Two other notable and ambitious tunneling projects around the world are Crossrail in London and Line 9 of the Barcelona Metro. Crossrail is a 73-mile railway under construction in London and adjoining counties. It includes London’s 12th “Tube” line, the Elizabeth Line. The Elizabeth Line, named after Queen Elizabeth II, is expected to fully open in 2019. Elizabeth will serve 41 stations in an East-West span linking Essex and Berkshire passing through London. In order to complete the Elizabeth Line, the company taking on this infrastructure project, Crossrail Ltd., utilized eight TBMs with twin-bore tunnels at 130 feet below ground. Additionally, Crossrail Ltd. successfully mined beneath sensitive structures, existing tunnels, sewers, and even archeological sites. A notable feat during this project, Crossrail’s threading “the eye of the needle.” Crossrail squeezed a TBM through the existing busy Tottenham Court Road station, passing mere inches above the crowded and fully functioning Northern Line platforms and inches below the station’s escalators. The completion of the Elizabeth Line and its 13-mile underground span beneath London is an engineering marvel.
When completed, Line 9 of the Barcelona Metro will be the longest automatic train operation in Europe at 30 miles long, 27.3 miles of which will be underground. At over 200 feet below ground, Line 9 will be the deepest line of the Barcelona Metro network. Successfully tunneling under sensitive University of Barcelona facilities, parks, hospitals, historic buildings, and residential areas, Line 9 will also save costs and rider wait times through an innovative tunnel configuration. With 39 foot diameter tunnels, Line 9 will consist of a single tunnel with a novel two-level solution. Projet Montreal in Canada has proposed similar tunnels for its planned Pink Line for the city.
Baltimore-Washington Maglev Tunnels
Deployment of ultra-fast Japanese superconducting maglev train technology along the Northeast Corridor will make an initial 15-minute trip from Baltimore to Washington, DC possible within the next decade, all while creating tens of thousands of infrastructure jobs.

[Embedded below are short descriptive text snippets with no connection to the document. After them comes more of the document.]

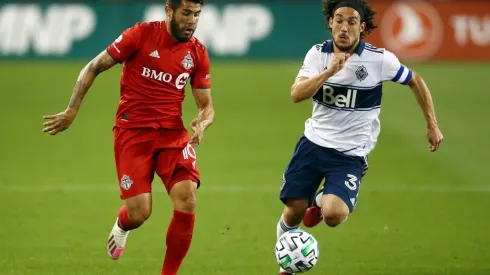 Vancouver Whitecaps vs. Toronto FC: Alejandro Pozuelo of Toronto FC (left) and Russell Teibert of the Whitecaps fight for the ball (Getty).
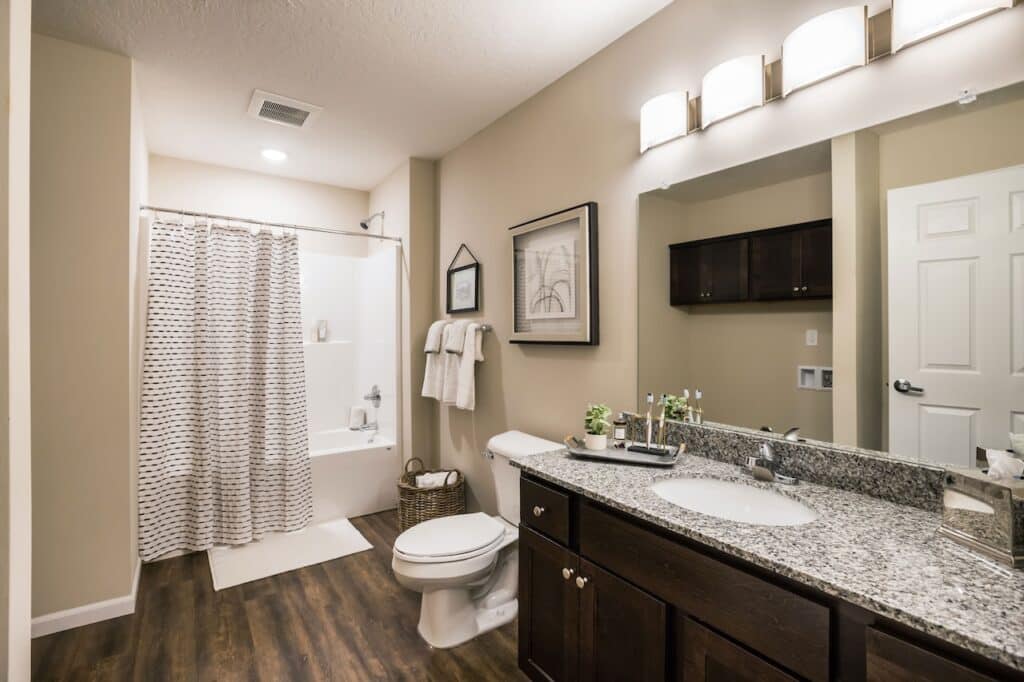 Modern bathroom with granite countertop, dark wood cabinets, a toilet, a bathtub with a patterned shower curtain, wall art, and wood-look flooring under bright lighting.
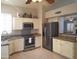 Well-equipped kitchen with stainless steel appliances, granite counters and white cabinetry at 1734 E Commonwealth Cir, Chandler, AZ 85225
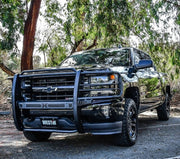 Westin Sportsman X grille guard in textured black mounted on the front of a black Chevrolet Silverado pickup parked under eucalyptus trees, shown from a front three-quarter angle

The developer of the project (BWRR) emphasizes the importance of identifying and using land in a manner that will minimize any negative impacts to landowners during both construction and operation. 311 MPH travel requires and relatively straight alignment to provide a comfortable and safe ride. Thus, for operational purposes, approximately 75 percent of the route will be in deep tunnels underground.
Seven or eight TBMs with a diameter of 50 feet will drill 30 miles of tunnel, 80 to 150 feet underground. The majority of the remaining route will be on viaduct. Surface impacts, whether below ground or above ground, will be designed to be minimized.
When it comes to public transit, tunnels are safe and mitigate surface impacts, and provide a means to deploy unparalleled speed. So with speed, safety, and smartly engineered tunnels, superconducting maglev train technology offers the possibility of the most exciting travel ever devised along the Northeast Corridor.